Example of using litstudy

This notebook shows an example of how to use litstudy from inside a Jupyter notebook. It shows how to load a dataset, plot statistics, perform topic modeling, do network analysis, and some more advanced features.

This notebook focuses on the topic of programming model for GPUs. GPUs (Graphic Processing Units) are specialized processors that are used in many data centers and supercomputers for data processing and machine learning. However, programming these devices remaining difficult, which is why there is a plethora of research on developing programming models for GPUs.

Imports

[1]:

# Import other libraries
import os
import sys
import numpy as np
import pandas as pd
import matplotlib.pyplot as plt
import seaborn as sbs

# Options for plots
plt.rcParams['figure.figsize'] = (10, 6)
sbs.set('paper')

# Import litstudy
path = os.path.abspath(os.path.join('..'))
if path not in sys.path:
    sys.path.append(path)

import litstudy

Collecting the dataset

For this example, we have queried both IEEE Xplore and Springer Link for "GPU" and "programming model". IEEE Xplore gives 5 CSV files (1 per page) and Springer Link gives a single CSV file. We load all files document sets and merge the resulting document sets.

[2]:

# Load the CSV files
docs1 = litstudy.load_ieee_csv('data/ieee_1.csv')
docs2 = litstudy.load_ieee_csv('data/ieee_2.csv')
docs3 = litstudy.load_ieee_csv('data/ieee_3.csv')
docs4 = litstudy.load_ieee_csv('data/ieee_4.csv')
docs5 = litstudy.load_ieee_csv('data/ieee_5.csv')
docs_ieee = docs1 | docs2 | docs3 | docs4 | docs5
print(len(docs_ieee), 'papers loaded from IEEE')

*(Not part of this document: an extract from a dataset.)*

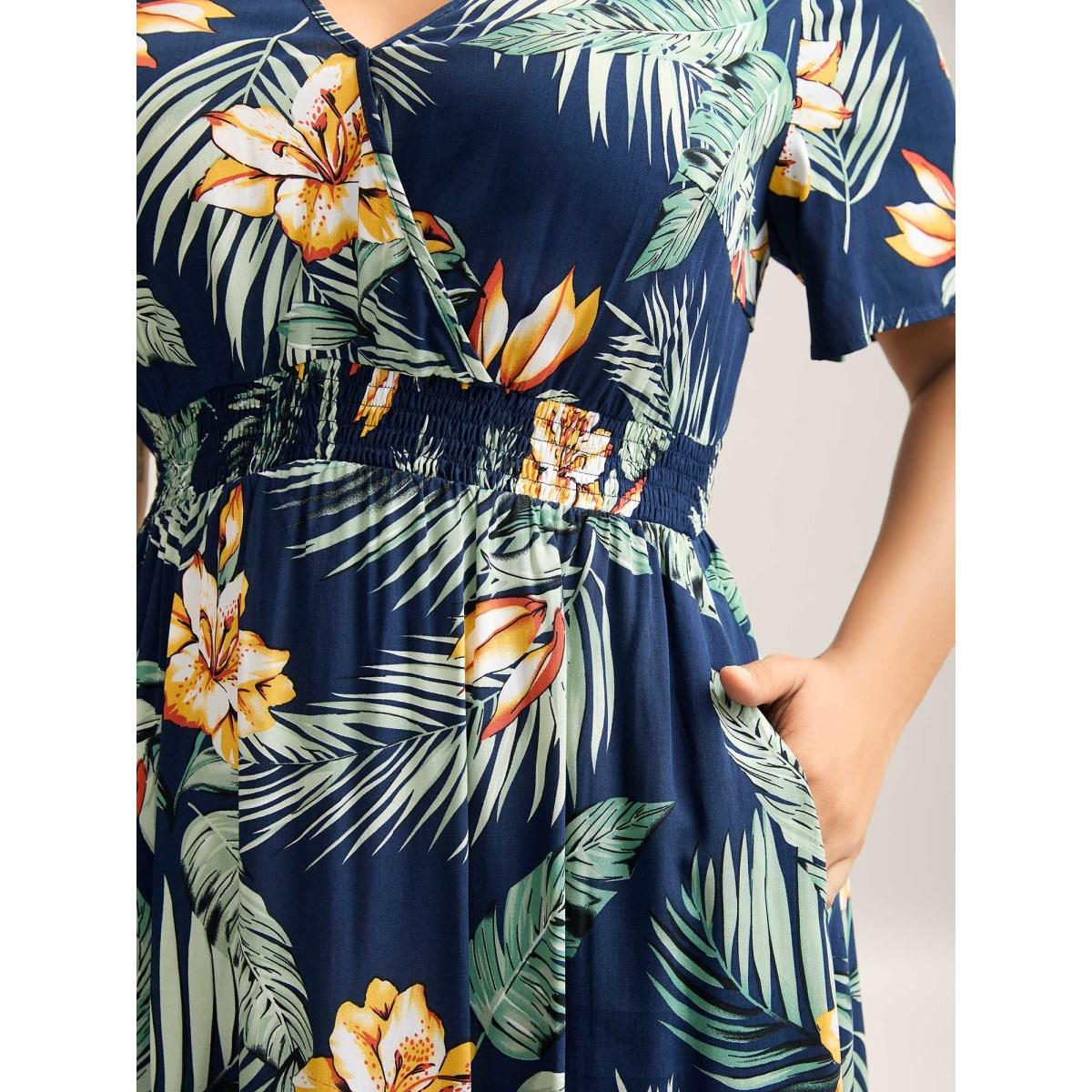 Plus Size Tropical Floral Print Shirred Waist Midi Dress DarkBlue Women Resort Overlap Collar Short sleeve Curvy BloomChic 26/4X Product Image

docs_springer = litstudy.load_springer_csv('data/springer.csv')
print(len(docs_springer), 'papers loaded from Springer')

# Merge the two document sets
docs_csv = docs_ieee | docs_springer
print(len(docs_csv), 'papers loaded from CSV')

441 papers loaded from IEEE
1000 papers loaded from Springer
1441 papers loaded from CSV

We can also exclude some papers that we are not interested in. Here, we load a document set from a RIS file and subtract these documents from our original document set.

[3]:

docs_exclude = litstudy.load_ris_file('data/exclude.ris')
docs_remaining = docs_csv - docs_exclude

print(len(docs_exclude), 'papers were excluded')
print(len(docs_remaining), 'paper remaining')

1 papers were excluded
1440 paper remaining

The amount metadata provided by the CSV files is minimal. To enhance the metadata, we can find the corresponding articles on Scopus using refine_scopus. This function returns two sets: the set of documents that were found on Scopus and the set of original documents not were not found. We have two options on how to handle these two sets: (1) merge the two sets back into one set or (2) discard the documents that were not found. We chose the second option here for simplicity.

[4]:

import logging
logging.getLogger().setLevel(logging.CRITICAL)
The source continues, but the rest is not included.